В университетские годы удалось избежать приема в комсомол, а позже в институтские, когда замдиректора Экмалян (он стал им при Хачикяне и остался при Товмасяне) буквально поставил себе целью вогнать меня, несмотря на мою незабиваемость, в комсомольскую лузу, я отбрыкивался, ссылаясь на возраст и на то, что умру со стыда, если вдруг придется проходить вместе с малолетками собеседование в райкоме. Проскочить удалось не только мимо комсомольской Сциллы, но и мимо партийной Харибды, куда меня, удивляясь, что я не прошу об этом сам, хотели столкнуть уже после докторской. Я делал свирепое, несгибаемое лицо молодогвардейца Кошевого, испепеляющего взглядом палачей (случаю было угодно свести меня однажды, совсем еще молодого, с ним — говорю об актере, — уже изрядно подряхлевшим, где-то под Туапсе, где я, после крепкого принятия на грудь и к его неподдельному восторгу, воспроизводил ему его же предсмертную позу из фильма двадцатилетней давности), итак, я входил в роль, добро на которую получил однажды от самого — говорю об актере — оригинала, и объяснял вечному Экмаляну, что чувствую себя идеологически не совсем готовым, не вполне, так сказать, созревшим головой и нутром для принятия столь судьбоносного (это слово и теперь слышится мне в брежневской артикуляции) решения.

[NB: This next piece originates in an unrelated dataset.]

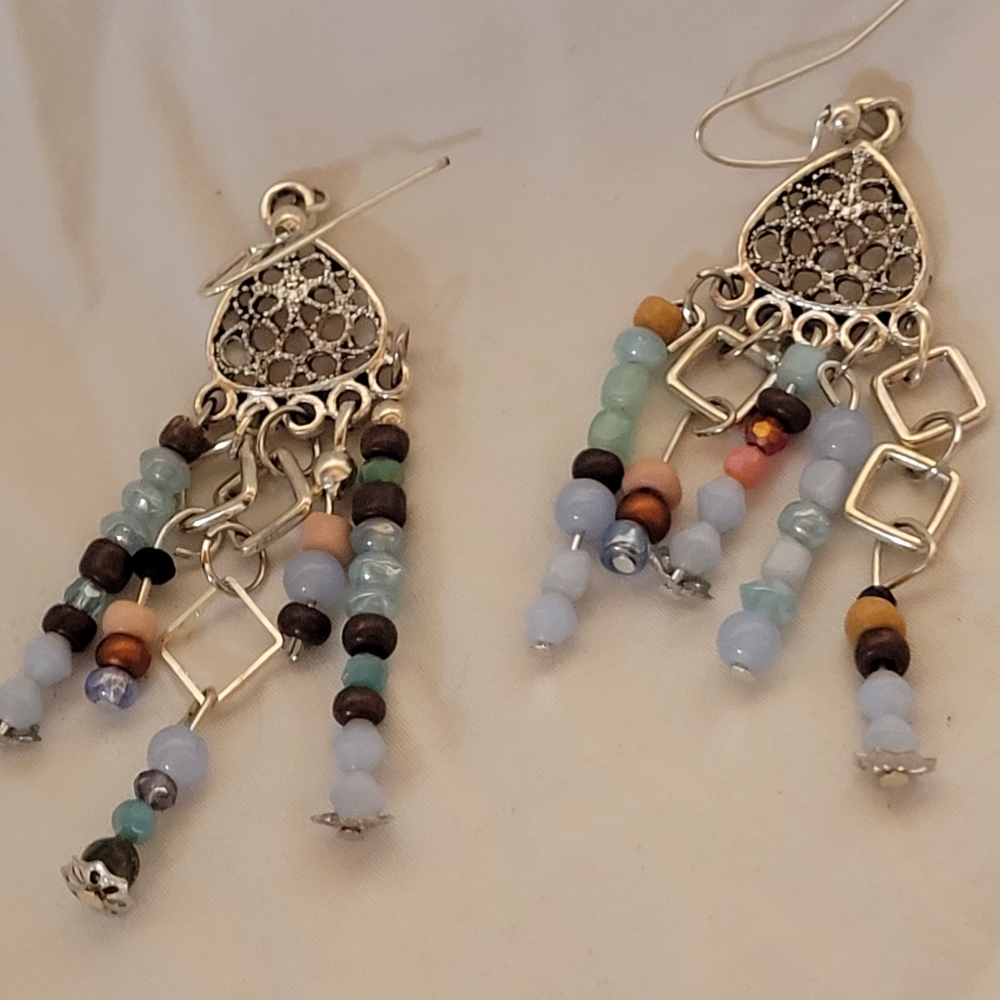 Dream catcher dangle earrings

Иными словами, в раскладе: «рано-поздно» , я задерживался «между» , останавливая по-фаустовски это прекрасное мгновение: уже-поздно для комсомола, еще рано для партии. Экмалян поражался моему легкомыслию, корчил страшные гримасы, удлиняя лицо до неузнаваемости, срывался на фальцет, из которого потом долго не мог попасть в свою обычную тесситуру, но не давил, — надо полагать, из номенклатурно-номиналистических соображений, потому что негоже было кандидату философских наук (каковым он был тогда) давить на доктора, разве что пожимая плечами и пуская петуха в ответ на его несолидность.

Короче, в том, что я, не пошедший в своей советскости дальше пионерства и всю жизнь остававшийся «ненашим» (причем «ненашим» как для советских, так и для антисоветских), стал доктором и профессором философии, немалая доля вины лежала на директоре Товмасяне, сумевшем-таки — в моем случае — взять сторону личных симпатий, вопреки всем воющим сиренам и аварийным сигналам учения, которое на протяжении бесконечно долгих семидесяти четырех лет было всесильным, потому что верным, а верным, потому что всесильным.

4.

В Степане Суреновиче Товмасяне удивляла способность сохранять каменность выражения, даже когда ему должно было быть очень смешно. Не то, чтобы он вообще не смеялся. Просто он лучше других владел лицом, фасадом лица, а уж что творилось за фасадом, об этом приходилось догадываться. Подобно заключенным у Солженицына, которые могли спать с открытыми глазами, он мог смеяться, сохраняя абсолютную невозмутимость. Я помню, как однажды сидел у него в кабинете, когда дверь вдруг открыла библиотекарша Татьяна Самсоновна и дрожащим голосом произнесла: «Степан Суренович, Брежнев умер!» На его вопрос: «Кто сказал?», она среагировала моментально: «Радио Амалии».